The district divulged the details after a query by the Squamish Reporter.
The district said it had upgraded their cyber security systems following the attack.
“Since this situation, the district has updated its spam protection service, reviewed and updated departmental processes, checks and balances to ensure transaction requests are verified, and has an ongoing focus on staff training,” said Conrad Kordel, Director of Information Technology.
Kordel said it was worth noting that phishing emails were received by businesses and organizations every day, including by the District.
“Government organizations, in particular, are targets because of the need to keep operations running 24/7 and cyber criminals know and use that to their advantage,” Kordel said.
Kordel said the district’s security goal was to protect systems and information across its large, virtual area, and make future attacks “non-events”. He said district had taken many steps over the year to improve network security and built up network threat protection.
A new IT role focusing on network security is also being funded in the 2020 budget, and the job for a Manager of IT Security and Infrastructure has been posted.

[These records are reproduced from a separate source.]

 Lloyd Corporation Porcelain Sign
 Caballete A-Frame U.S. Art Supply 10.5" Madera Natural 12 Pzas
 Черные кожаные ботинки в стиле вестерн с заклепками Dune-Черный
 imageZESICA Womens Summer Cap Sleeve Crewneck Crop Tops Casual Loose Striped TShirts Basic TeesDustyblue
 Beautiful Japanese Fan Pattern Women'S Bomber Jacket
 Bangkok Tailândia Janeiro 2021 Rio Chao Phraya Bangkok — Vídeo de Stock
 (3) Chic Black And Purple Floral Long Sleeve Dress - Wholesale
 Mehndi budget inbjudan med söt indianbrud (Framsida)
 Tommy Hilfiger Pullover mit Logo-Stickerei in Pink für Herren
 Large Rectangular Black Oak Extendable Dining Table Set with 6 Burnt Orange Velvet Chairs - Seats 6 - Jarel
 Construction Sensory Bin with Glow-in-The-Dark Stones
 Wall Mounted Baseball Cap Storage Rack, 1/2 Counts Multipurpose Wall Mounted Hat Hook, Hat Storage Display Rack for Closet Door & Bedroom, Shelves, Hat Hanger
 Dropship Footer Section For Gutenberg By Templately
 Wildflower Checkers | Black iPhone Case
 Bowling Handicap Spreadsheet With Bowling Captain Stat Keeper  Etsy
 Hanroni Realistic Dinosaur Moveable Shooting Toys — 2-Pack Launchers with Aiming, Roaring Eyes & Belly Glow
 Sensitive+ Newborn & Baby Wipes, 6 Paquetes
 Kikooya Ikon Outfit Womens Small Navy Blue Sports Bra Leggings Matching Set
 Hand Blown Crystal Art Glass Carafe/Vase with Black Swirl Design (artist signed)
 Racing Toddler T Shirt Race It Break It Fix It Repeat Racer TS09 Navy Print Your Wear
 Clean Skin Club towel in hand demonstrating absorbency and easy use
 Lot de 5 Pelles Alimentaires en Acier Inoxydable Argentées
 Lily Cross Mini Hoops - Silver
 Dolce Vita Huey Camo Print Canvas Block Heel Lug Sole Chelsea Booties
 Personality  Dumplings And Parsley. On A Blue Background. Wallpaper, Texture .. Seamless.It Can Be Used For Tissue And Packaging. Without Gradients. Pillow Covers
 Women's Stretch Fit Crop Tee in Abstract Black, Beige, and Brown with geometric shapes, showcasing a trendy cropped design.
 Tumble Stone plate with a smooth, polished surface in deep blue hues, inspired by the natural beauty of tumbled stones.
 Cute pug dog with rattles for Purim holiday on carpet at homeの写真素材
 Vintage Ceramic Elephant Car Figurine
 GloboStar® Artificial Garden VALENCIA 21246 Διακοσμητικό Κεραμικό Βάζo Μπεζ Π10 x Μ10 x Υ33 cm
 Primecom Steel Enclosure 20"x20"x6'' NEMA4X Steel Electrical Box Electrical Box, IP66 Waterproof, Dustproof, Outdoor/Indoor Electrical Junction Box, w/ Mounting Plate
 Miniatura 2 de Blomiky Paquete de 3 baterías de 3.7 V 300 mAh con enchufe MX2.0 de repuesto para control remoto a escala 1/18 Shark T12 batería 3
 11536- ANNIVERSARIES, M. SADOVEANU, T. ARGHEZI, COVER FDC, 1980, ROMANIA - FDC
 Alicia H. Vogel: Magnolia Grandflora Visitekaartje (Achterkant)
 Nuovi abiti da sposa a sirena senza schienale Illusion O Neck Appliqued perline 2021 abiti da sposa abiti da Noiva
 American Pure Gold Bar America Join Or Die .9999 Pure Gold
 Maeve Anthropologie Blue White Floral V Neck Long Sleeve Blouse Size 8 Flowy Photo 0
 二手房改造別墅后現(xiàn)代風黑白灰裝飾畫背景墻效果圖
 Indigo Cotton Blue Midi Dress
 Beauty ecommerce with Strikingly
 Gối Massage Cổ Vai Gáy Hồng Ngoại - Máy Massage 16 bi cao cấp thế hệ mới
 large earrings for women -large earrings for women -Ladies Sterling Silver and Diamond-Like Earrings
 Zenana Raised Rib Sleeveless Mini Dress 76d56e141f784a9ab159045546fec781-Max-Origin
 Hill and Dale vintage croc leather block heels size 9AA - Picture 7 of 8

District was also targeted with a ransomware IT system attack this February, which it didn’t reveal to the public until after a media query by the Squamish Reporter.
The district said it didn’t pay any ransom money in that attack and most systems were back up and running with minimal data loss.
According to Kordel, the district reports cyber-attacks to the RCMP, the Office of the Chief Information Officer of BC, and in the phishing scam, to the Fraud Investigation Team at Scotiabank.
If the personal information of citizens was compromised, citizens would be notified, he added.
“As with other security-related scenarios, careful consideration needs to be applied to weigh the responsible sharing of information to meet our goals of being transparent with the community, while protecting security systems and not providing additional intel to cyber criminals that could make us vulnerable in the future,” he said.